FAQ du calculateur CAPM
À quoi sert le CAPM en pratique ?
Le CAPM sert à estimer le rendement exigé des capitaux propres à partir du taux sans risque, du bêta et du rendement attendu du marché. En pratique, il est surtout utilisé pour calculer le coût des capitaux propres, alimenter les modèles de valorisation, construire le WACC, analyser des investissements et fixer un taux d’actualisation.
Quelle est la formule du CAPM ?
La formule usuelle est E(r_i) = r_f + β_i(E(r_m) - r_f). Le terme E(r_m) - r_f correspond à la prime de risque de marché, et le bêta ajuste cette prime au risque systématique de l’actif ou de l’entreprise analysée.
Comment choisir le taux sans risque dans le CAPM ?
L’approche la plus courante consiste à utiliser le rendement d’une obligation d’État dans la même devise et avec un horizon proche de celui de la valorisation. Pour une valorisation de long terme, beaucoup d’analystes partent d’une obligation souveraine à 10 ans. En pratique, ce n’est pas un actif parfaitement sans risque, mais c’est généralement la meilleure approximation largement disponible d’un rendement quasi sans risque.
Comment choisir la prime de risque de marché ?
La prime de risque de marché est définie par E(r_m) - r_f. En pratique, on peut partir d’une hypothèse de rendement boursier de long terme et en retrancher le taux sans risque, ou utiliser une estimation publiée pour le marché concerné. L’essentiel est de conserver des hypothèses cohérentes en matière de devise, de marché, d’horizon et de structure du modèle.

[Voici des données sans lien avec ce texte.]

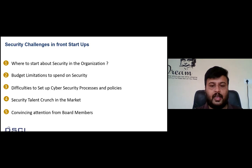Another challenge is convincing board members to pay attention to cyber security. Most board members today are aware of cyber security risk, but some non-technology boards are more focused on business availability and revenue. Startups must convince their boards about cyber security importance. These five challenges — knowing where to start, budget constraints, establishing processes, talent crunch, and board buy-in — all make it difficult for startups and new technology companies to implement security from day one.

Quel bêta faut-il utiliser ?
Il faut utiliser un bêta représentatif de l’entreprise, de l’action ou du projet étudié. Pour une société cotée, on part souvent d’un bêta historique ou publié. Pour une société non cotée, les analystes utilisent fréquemment des bêtas de comparables et les ajustent en fonction de la structure financière. Un bêta supérieur à 1 indique une sensibilité plus forte au marché ; un bêta inférieur à 1, une sensibilité plus faible.
Comment calculer le coût des capitaux propres avec le CAPM ?

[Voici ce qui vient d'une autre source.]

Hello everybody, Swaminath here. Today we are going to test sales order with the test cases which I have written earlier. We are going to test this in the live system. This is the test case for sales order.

Saisissez le taux sans risque, le bêta et le rendement attendu du marché, puis résolvez E(r_i). Le résultat correspond au rendement exigé des capitaux propres et sert généralement d’estimation du coût des capitaux propres. Cette valeur est souvent utilisée comme composante capitaux propres du WACC.
Cette calculatrice CAPM peut-elle aussi résoudre le bêta ou le rendement du marché ?

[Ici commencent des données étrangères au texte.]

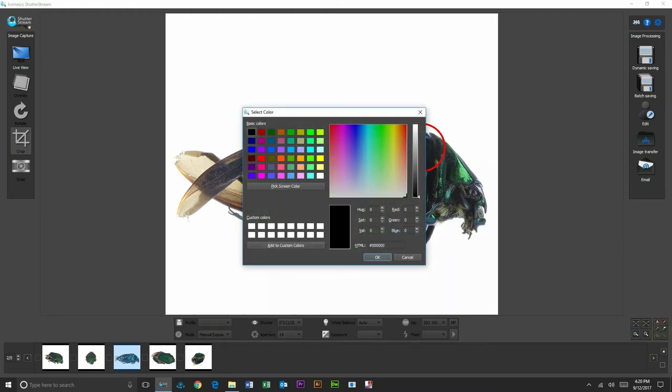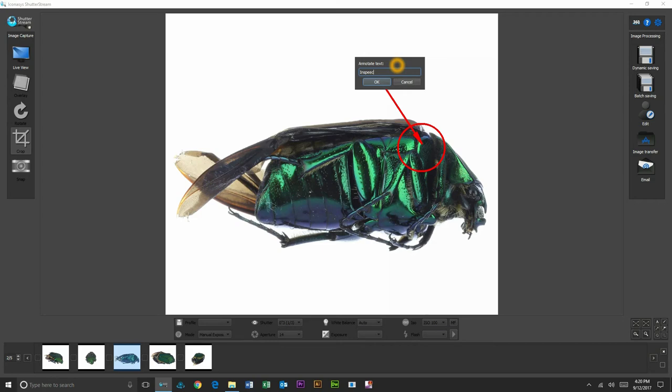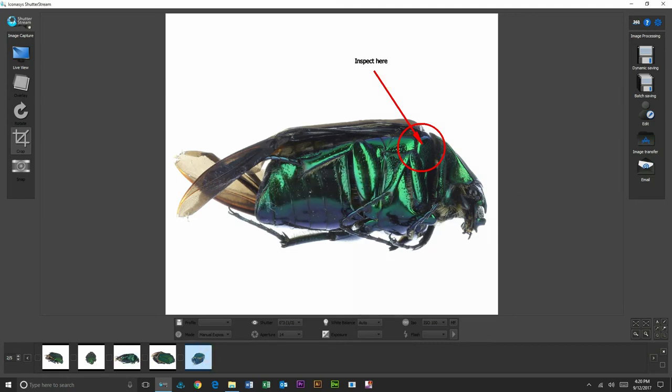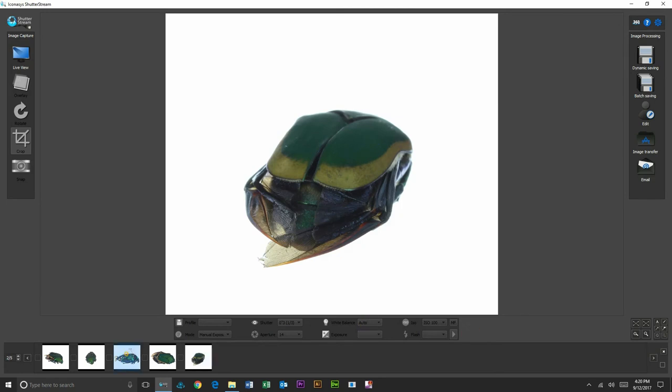Then we can write on here, 'inspect here.' So it's great for communication. We'll save those annotations on the image. Again, you can annotate on any image that is required.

Oui. Cet outil ne se limite pas au rendement final : il peut résoudre n’importe quelle variable manquante. Vous pouvez donc calculer β, r_f, E(r_m) ou E(r_i) dès lors que les trois autres grandeurs sont connues.
Comment le CAPM est-il utilisé en valorisation et en DCF ?
Dans un modèle de valorisation, le CAPM sert souvent à estimer le rendement exigé des capitaux propres. L’analyste choisit alors un taux sans risque cohérent, un bêta et une hypothèse de marché. Le résultat est ensuite utilisé pour actualiser les flux revenant aux actionnaires ou comme composante du WACC dans un modèle DCF.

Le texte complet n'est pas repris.